Very few people keep binary blobs in any SCM archive _anyway_, partly
because they've always been told that it's unsafe (and with a lot of SCM's
it is), but even more because binary blobs are almost always generated by
some build method, so normally you'd never version them in the first
place, or versioning isn't all that helpful.
And most binary blobs are so *obviously* binary that even the stupidest
algorithm on earth will get it right.

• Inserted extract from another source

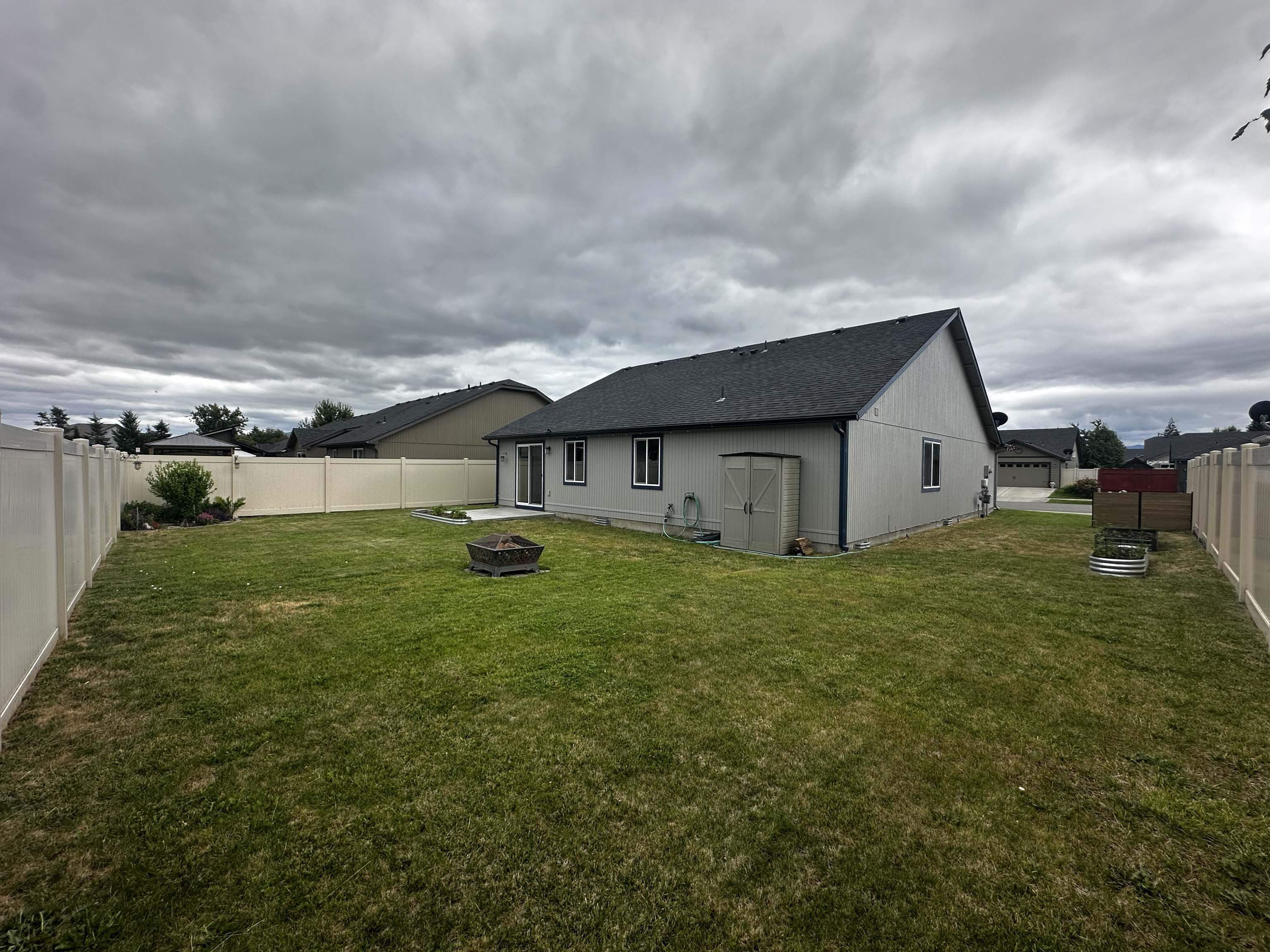 19013 E Mountain View Ave - Photo 16
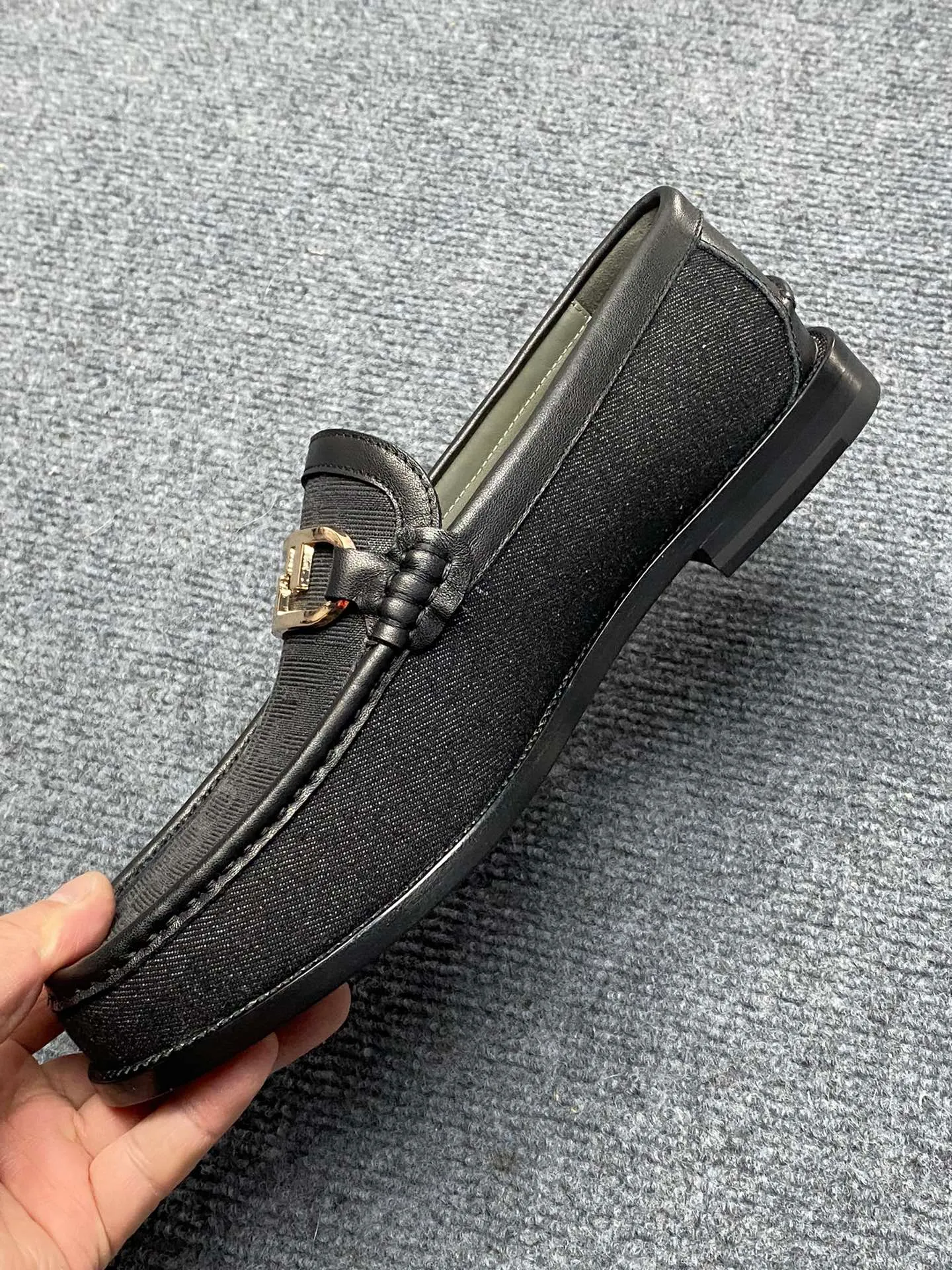 Men's Men's Shoes Men's Men's Shoes 💰900FENDI Fendi Men's Breathable and Comfortable Leather Shoes. Original development. The leather outsole is made of leather. Counters copy one to one. Imported counter cowhide. Imported water dyes cattle. 38 to 44. (45.46. can be ordered. 47.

The only hard cases actually tend to
be really tiny files, or literally test-sequences.
Tiny files are hard because:
- they (by being tiny) have so few characters that they can easily lack
a "fingerprint" character (eg a NUL character or similar).
- tiny files are a lot more likely than bigger files to have strange
statistics that throw some more "sophisticated" rule off the scent.
Something like a "10% rule" tends to work fine if you have a big text,
and ten percent is still a reasonable number to average things out
over, but what if you only had ten characters to begin with?
The good news is that tiny files can usually be considered text, since
you'd seldom use a binary format for something really small anyway.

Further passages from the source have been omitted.